-- Assignment --
Stop after the line that contains "Marker Permanent M". Until then, retype each line of the entries exactly from the first one, skipping pictures.

-- Image-text web data --

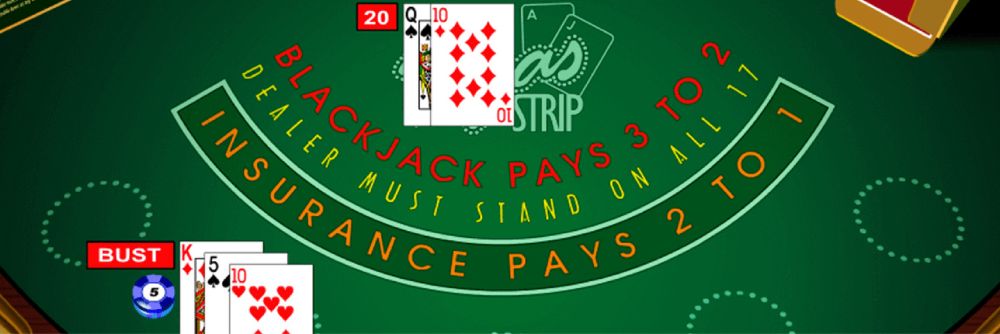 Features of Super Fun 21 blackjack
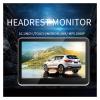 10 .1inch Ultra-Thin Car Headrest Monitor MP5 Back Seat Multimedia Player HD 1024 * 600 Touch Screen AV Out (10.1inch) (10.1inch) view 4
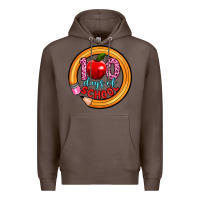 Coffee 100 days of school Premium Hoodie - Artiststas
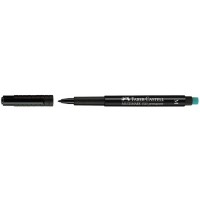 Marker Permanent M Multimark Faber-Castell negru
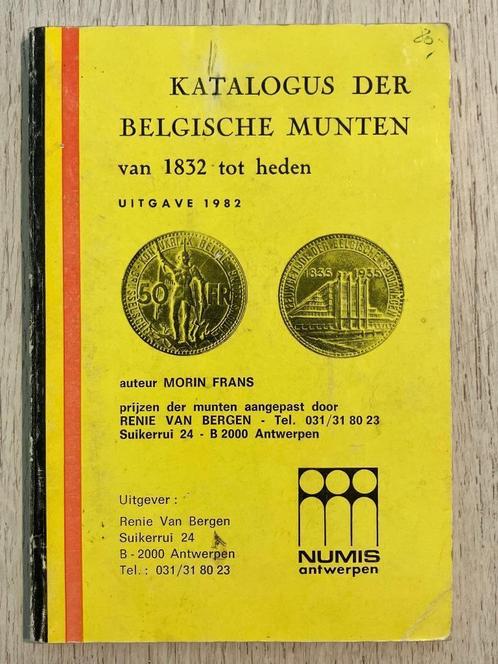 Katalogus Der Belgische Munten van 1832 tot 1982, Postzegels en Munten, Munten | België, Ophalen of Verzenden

-- Task output --
 Features of Super Fun 21 blackjack
 10 .1inch Ultra-Thin Car Headrest Monitor MP5 Back Seat Multimedia Player HD 1024 * 600 Touch Screen AV Out (10.1inch) (10.1inch) view 4
 Coffee 100 days of school Premium Hoodie - Artiststas
 Marker Permanent M Multimark Faber-Castell negru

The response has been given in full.